Fab is in the name, but what exactly is the brilliant faba bean bringing to the table? Let’s have a look.
Sometimes known as broad beans or fava beans, the faba bean is in the same species as the green broad beans we see a lot of in British cooking. Faba beans are the fully mature dried version of broad beans – the bean must mature, the plants and pods dying, drying, and blackening, before the beans are harvested.
As a dried seed from a legume, they’re similar to a pulse – a bit like another ingredient in Huel, the powerful pea (a pea pod is a legume, but the pea inside the pod is the pulse).
Faba beans are some of our oldest crops and have been cultivated for the past 10,000 years. They were one of the first crops introduced to Britain by Neolithic farmers around 5,000 years ago and were a big part of peasant diets through the Medieval ages - a nutritious and protein-rich food that could be stored and eaten all year round.
Faba beans have drawn interest in recent years due to their standing as a particularly eco-friendly crop.
Faba beans are one of the world's most powerful nitrogen fixers, you see, and have the ability to convert atmospheric nitrogen into a form that can be used by plants. This reduces the need for synthetic nitrogen fertilizers, which are energy-intensive to produce and can contribute to greenhouse gas emissions.

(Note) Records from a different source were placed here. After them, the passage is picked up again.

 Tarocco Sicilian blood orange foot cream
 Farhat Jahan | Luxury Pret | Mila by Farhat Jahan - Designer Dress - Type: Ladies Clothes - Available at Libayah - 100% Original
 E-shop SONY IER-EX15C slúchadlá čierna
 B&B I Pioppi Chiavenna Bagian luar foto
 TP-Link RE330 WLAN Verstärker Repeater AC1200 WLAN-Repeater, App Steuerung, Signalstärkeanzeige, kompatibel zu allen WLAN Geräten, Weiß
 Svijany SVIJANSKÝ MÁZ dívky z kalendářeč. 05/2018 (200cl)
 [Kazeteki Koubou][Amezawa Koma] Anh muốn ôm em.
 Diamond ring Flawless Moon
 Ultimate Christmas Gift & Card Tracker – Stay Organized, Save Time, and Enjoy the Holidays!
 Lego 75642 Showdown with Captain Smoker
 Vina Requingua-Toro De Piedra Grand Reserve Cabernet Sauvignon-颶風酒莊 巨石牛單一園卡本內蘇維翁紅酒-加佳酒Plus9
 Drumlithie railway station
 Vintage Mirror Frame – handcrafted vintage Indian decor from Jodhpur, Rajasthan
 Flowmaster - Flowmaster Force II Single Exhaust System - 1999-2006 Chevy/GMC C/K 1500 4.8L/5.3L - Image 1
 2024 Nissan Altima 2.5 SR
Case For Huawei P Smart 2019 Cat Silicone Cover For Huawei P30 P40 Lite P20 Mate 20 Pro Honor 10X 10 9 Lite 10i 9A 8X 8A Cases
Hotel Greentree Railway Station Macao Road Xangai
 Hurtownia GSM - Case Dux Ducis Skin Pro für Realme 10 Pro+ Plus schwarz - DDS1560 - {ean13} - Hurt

In fact, researchers from the University of Cambridge found that manure and synthetic fertilisers emit the equivalent of 2.6 gigatonnes of carbon per year – more than global aviation and shipping combined.
Faba bean plants also have deep roots that help improve soil structure and promote soil health by increasing soil organic matter and enhancing water retention, which can lead to better crop yields and reduced erosion.
Faba beans are considered high in protein and are composed of around 28 percent of the macro. They have a higher protein content than peas and most pulses, such as beans (22.17%), lentils (22.15%), and chickpeas (19.53%). They are lower in protein content than soy though (40.0%).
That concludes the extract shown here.